Sigma of slope clustering to zero with NCP

I am having trouble with a model that predicts when events such as budburst or flowering occur in plants. I use the same model for all events but run the model on each set of event data separately. The slope and intercept are partially pooled for different winegrape varieties. The model runs fine with my test data but not on the real data for one of the events.

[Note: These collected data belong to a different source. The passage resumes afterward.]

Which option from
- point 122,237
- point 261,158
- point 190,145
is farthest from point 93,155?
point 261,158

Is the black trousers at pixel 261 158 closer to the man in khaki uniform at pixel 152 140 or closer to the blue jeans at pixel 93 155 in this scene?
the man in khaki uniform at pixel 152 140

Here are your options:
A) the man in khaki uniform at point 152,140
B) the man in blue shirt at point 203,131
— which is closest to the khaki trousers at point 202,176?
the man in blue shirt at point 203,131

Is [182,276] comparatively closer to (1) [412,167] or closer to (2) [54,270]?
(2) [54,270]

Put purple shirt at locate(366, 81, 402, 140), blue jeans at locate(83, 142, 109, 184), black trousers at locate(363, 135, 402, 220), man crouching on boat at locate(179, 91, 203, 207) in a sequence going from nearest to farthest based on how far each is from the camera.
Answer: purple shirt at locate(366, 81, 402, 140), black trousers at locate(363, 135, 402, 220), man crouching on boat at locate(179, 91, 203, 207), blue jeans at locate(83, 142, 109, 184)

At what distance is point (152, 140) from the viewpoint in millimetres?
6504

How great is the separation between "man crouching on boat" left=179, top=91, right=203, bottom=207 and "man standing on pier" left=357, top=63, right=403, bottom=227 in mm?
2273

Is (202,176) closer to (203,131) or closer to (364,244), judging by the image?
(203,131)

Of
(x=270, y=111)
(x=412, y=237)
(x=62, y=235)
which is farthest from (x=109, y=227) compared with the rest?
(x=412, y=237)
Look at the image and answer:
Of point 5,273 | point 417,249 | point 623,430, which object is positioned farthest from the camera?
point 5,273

My problem is the sigma of my slope (s_bvar in my code) which had many divergent transitions and a banana in the log posterior vs the parameter plot in my original model. I tried a non-centered parameterization of the model (stan code shown). However, with the NCP, the model still has divergent transitions and the log posterior vs parameter plot now shows the slope sigma clustering towards 0.

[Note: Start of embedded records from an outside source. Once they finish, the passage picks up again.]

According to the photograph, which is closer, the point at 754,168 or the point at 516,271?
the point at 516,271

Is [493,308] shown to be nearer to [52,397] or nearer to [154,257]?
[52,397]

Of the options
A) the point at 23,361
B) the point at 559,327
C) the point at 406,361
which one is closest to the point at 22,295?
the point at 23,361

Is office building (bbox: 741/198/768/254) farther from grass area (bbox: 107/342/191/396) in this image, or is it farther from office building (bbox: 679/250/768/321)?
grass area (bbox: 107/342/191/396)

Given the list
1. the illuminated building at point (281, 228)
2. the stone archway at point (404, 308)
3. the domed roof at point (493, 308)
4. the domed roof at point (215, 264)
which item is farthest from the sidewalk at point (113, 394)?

What problem with data or my model might cause these sigma problems?

  int<lower=0> N;       //all the samples
  vector[N] x;          // year predictor
  vector[N] y;          // predicted GDD of event date
  int<lower=1> Nv;      // number of varieties
  int<lower=1, upper=Nv> variety[N]; // variety ID numbers

  vector[Nv] a_var;         
  vector[Nv] b_raw;       // slope ncp part 1
  real mu_a;              // mu, one per variety
  real mu_b;              // mu, one per var
  real<lower=0> s_avar;   // for alpha, one per var
  real<lower=0> s_bvar;   // for beta, one per var
  real<lower=0> sigma_y;  // error

transformed parameters {
  vector[Nv] b_var;
  b_var = mu_b + s_bvar * b_raw; // ncp part 2

  // likelihood
  for (n in 1:N)
  y[n] ~ normal(a_var[variety[n]] + b_var[variety[n]]*x[n], sigma_y);
  a_var ~ normal(mu_a, s_avar);
  b_raw ~ normal(0,1); 
  mu_a ~ normal(1000,500);
  mu_b ~ normal(0,5);
  s_avar ~ normal(100,50);
  s_bvar ~ normal(0,20);
  sigma_y ~ normal(0,20);

You’ve non-centered b_var but a_var is still centered. Maybe try both as non-centered?

BTW see here for easy toggling between centered/non-centered.

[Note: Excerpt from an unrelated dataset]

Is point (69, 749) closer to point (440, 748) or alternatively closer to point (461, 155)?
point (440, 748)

You might consider using the offset/multiplier syntax to account for how far away from zero some of your priors are too. That and/or scaling your predictor and outcome variables. Also, are you sure a normal observation-level structure is appropriate for your data? Event-time data like this are often modelled with more survival-associated structures.

I tried z-scoring my data without any luck but adding a non-centered a_var got rid of my divergent transitions! Thank you for the suggestions!